Final answer:
The square of the standard deviation is called the variance. Variance (σ²) for a set of data is calculated using the mean (μ) of the data, values of the data (x), and their probabilities (P(x)), while the standard deviation is the square root of variance, which measures the spread of data around the mean.
Step-by-step explanation:
The square of the standard deviation is known as the variance. The formula to compute the variance (σ²) of a discrete random variable X involves squaring each deviation from its expected value, multiplying it by its probability, and then summing up all these products. Mathematically, it can be represented as σ² = Σ (x − μ)² P(x), where 'x' are the values of the random variable X, 'μ' is the mean of X, and P(x) symbolizes the probability of x occurring.
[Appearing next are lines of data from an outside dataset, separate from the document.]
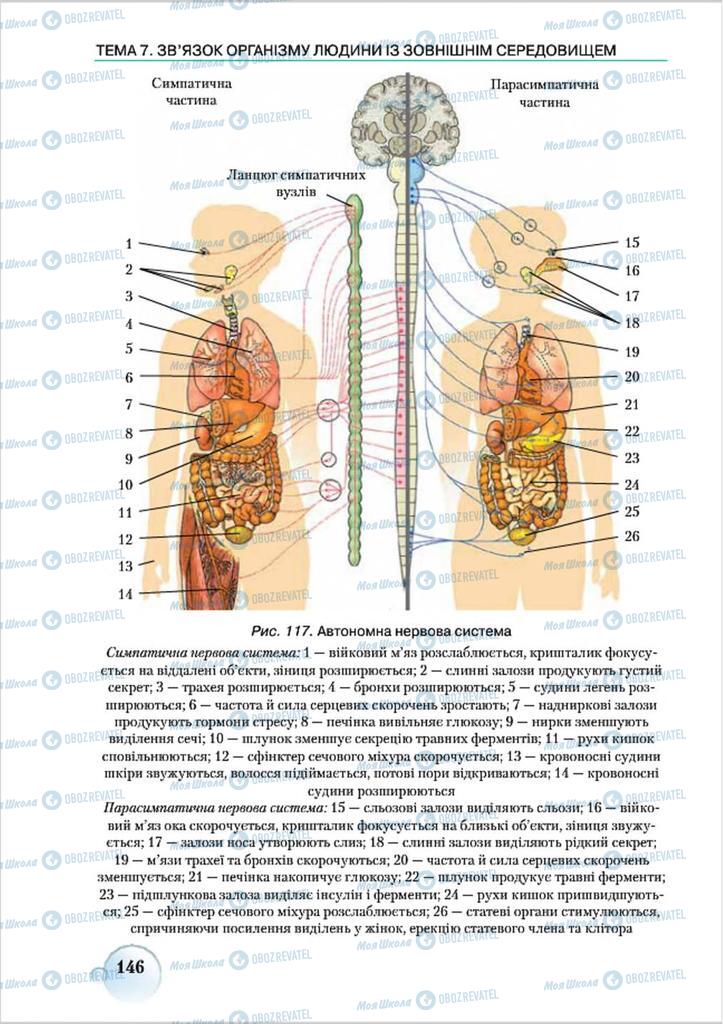 Підручники Біологія 8 клас сторінка 146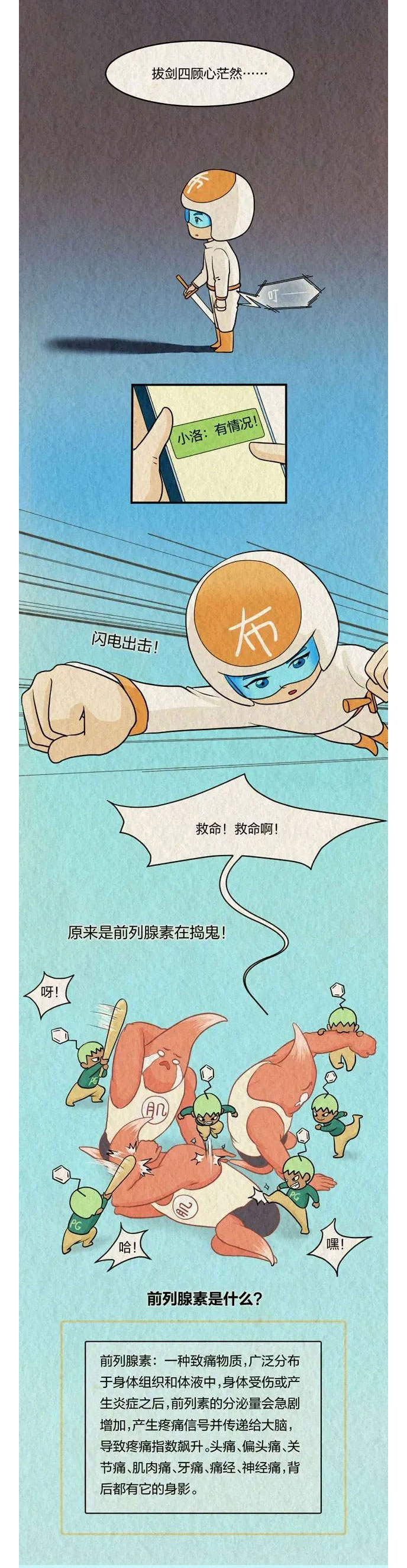 吃下去的布洛芬，到底是怎么找到身体哪儿疼的？5.jpg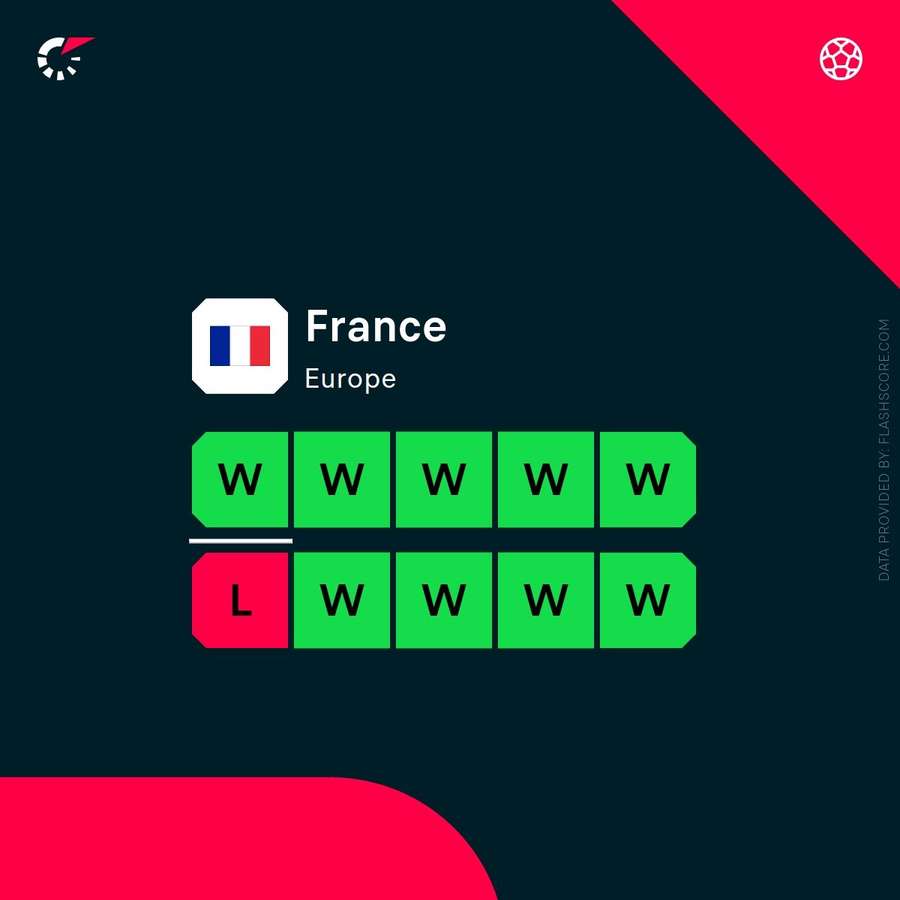 France's current form France's current form
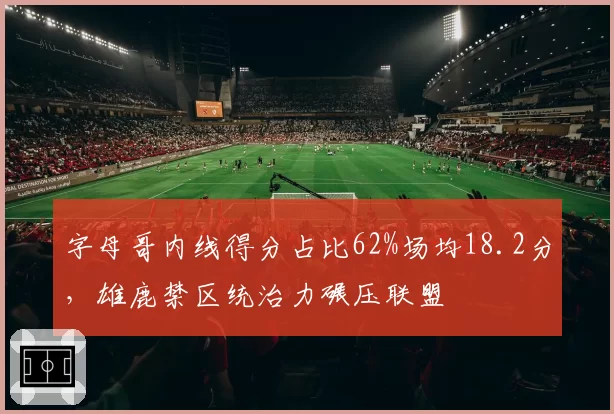 字母哥内线得分占比62%场均18.2分，雄鹿禁区统治力碾压联盟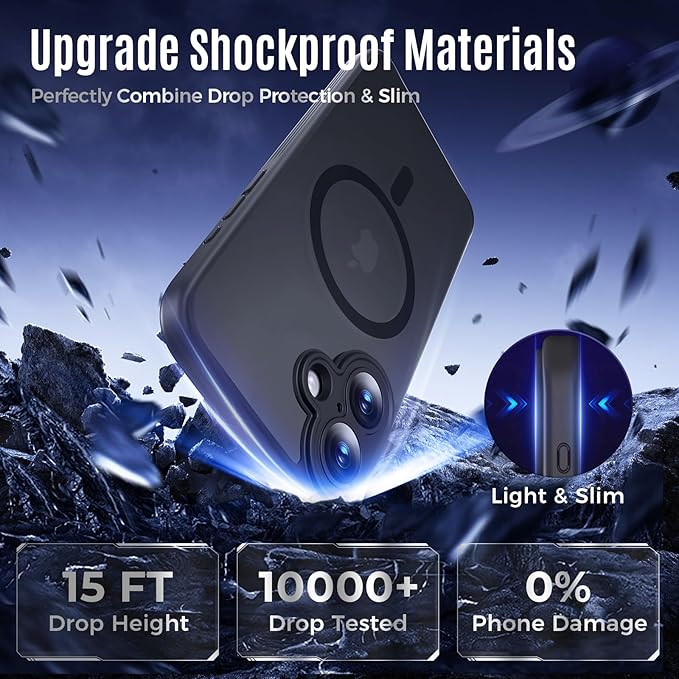 Symcele Designed for iPhone 16 Case, Compatible with MagSafe, with Privacy Screen Protectors X2, [Camera Protection] [15FT Military Drop Protection] Shockproof Phone Case, 6.1", Black
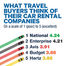 BTN 2022 Car Rental & Ground Transport Report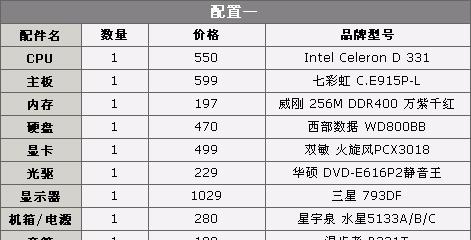 打造超高性价比的电脑配置单（以性能为核心）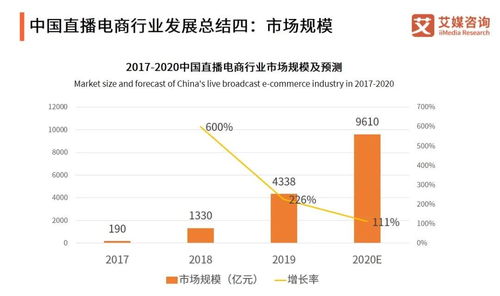 网件路由器哪款好：双十二狂欢，直播助力消费升级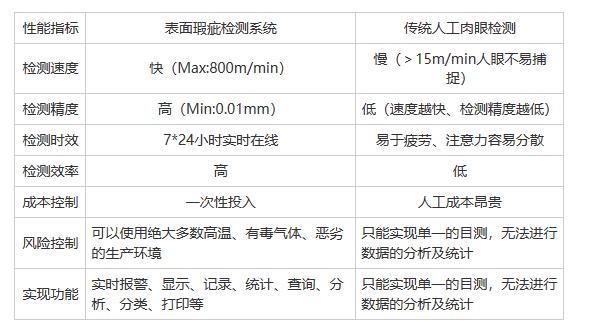 有哪些類型的表面缺陷可以檢測？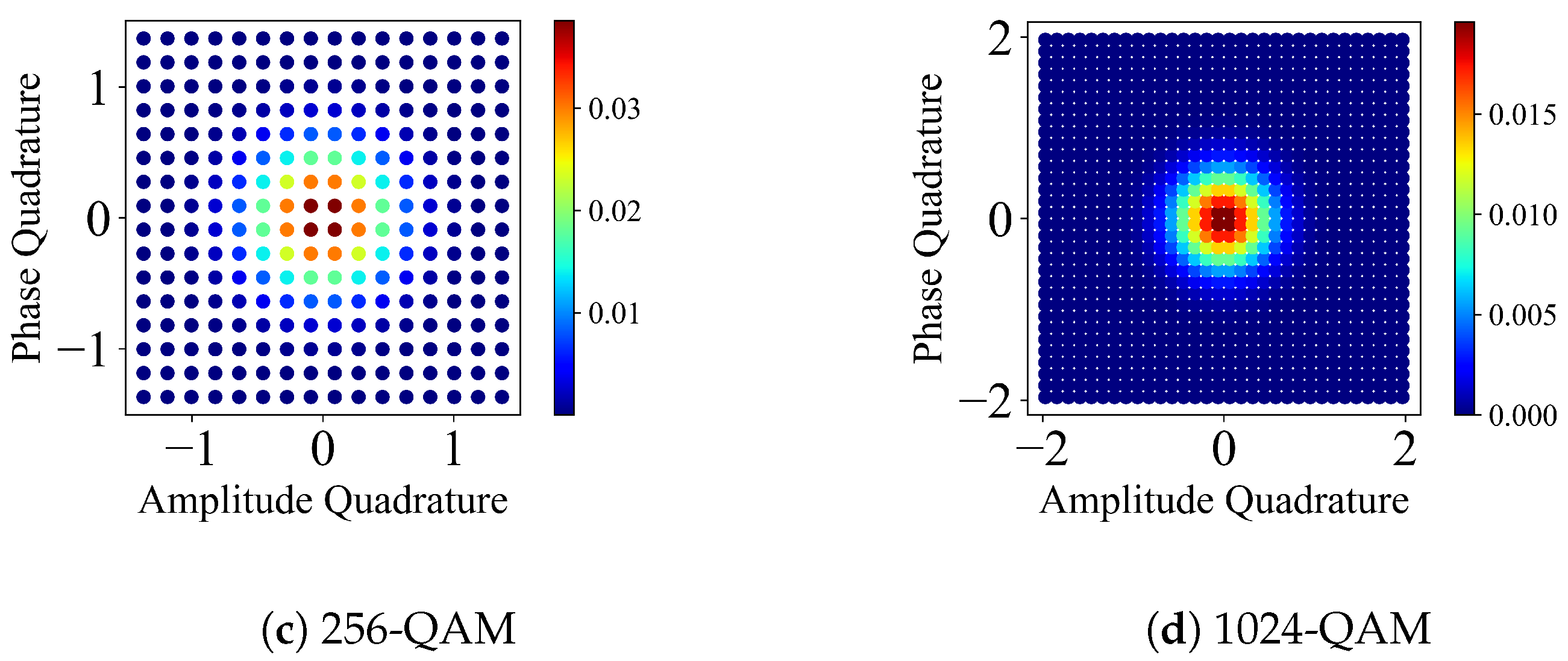 Entropy 26 00865 g002b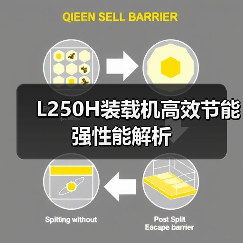 L250H装载机高效节能强性能解析 L250H装载机高效节能强性能解析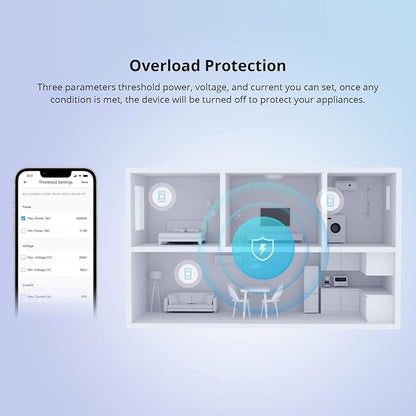 SONOFF POWR320D Elite 20A WiFi Smart WiFi Wireless Light Switch with Energy Monitoring, Universal DIY Module for Smart Home, Works with Amazon Alexa & Google Home, No Hub Required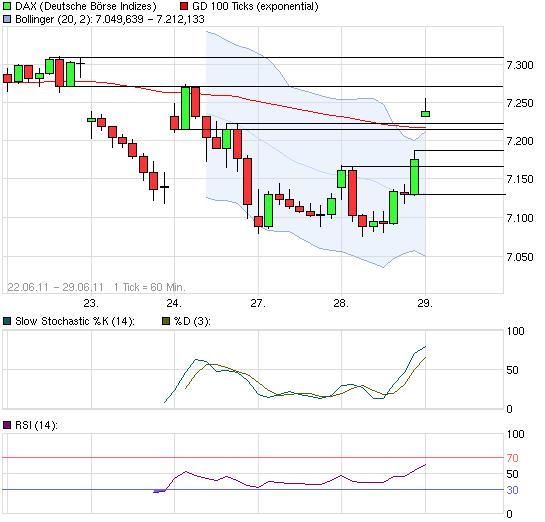 Quo Vadis Dax 2011 - All Time High? 416063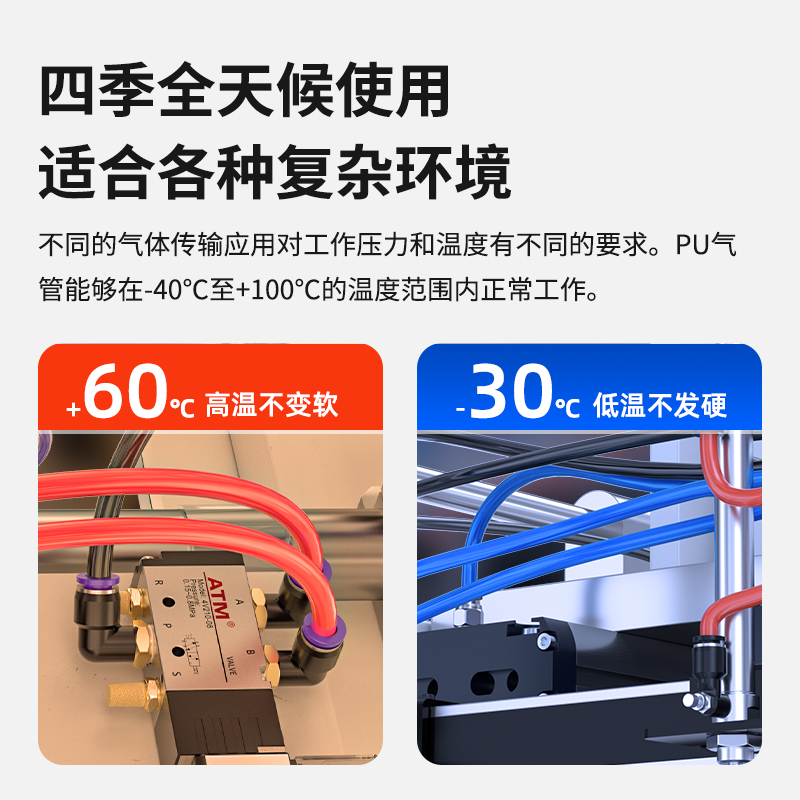 ✅气动PU气管空压机软管8mm气线12高压6气带10软管防爆透明耐压耐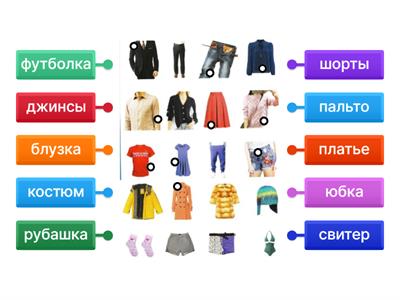 РКИ - Одежда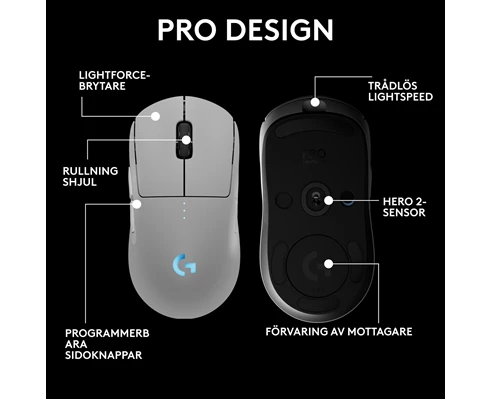 Logitech Pro 2 Lightspeed Mouse - White
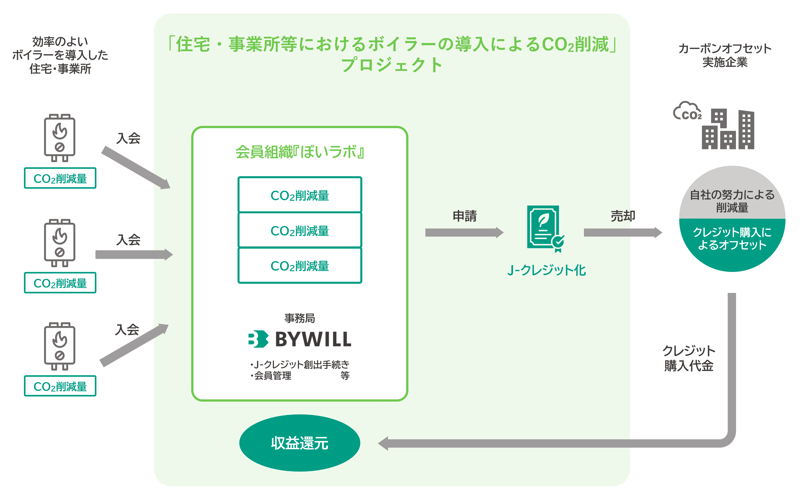 boilab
The standard deviation is the square root of the variance, which provides a measure of how spread out the values in a set of data are around the mean. For calculations involving a complete population, we use the symbol σ for standard deviation and σ² for variance, whereas for a sample, we use 's' for standard deviation and 's²' for variance. Variance is an important measure as it indicates the variability in a set of data, representing the mean of the squared deviations from the mean.
Variance has the unique characteristic of being a squared measure, which means that it does not share the same units as the data itself. To reconcile this issue and to understand the spread of the data in the same units as the data, the standard deviation is used, representing the square root of the variance.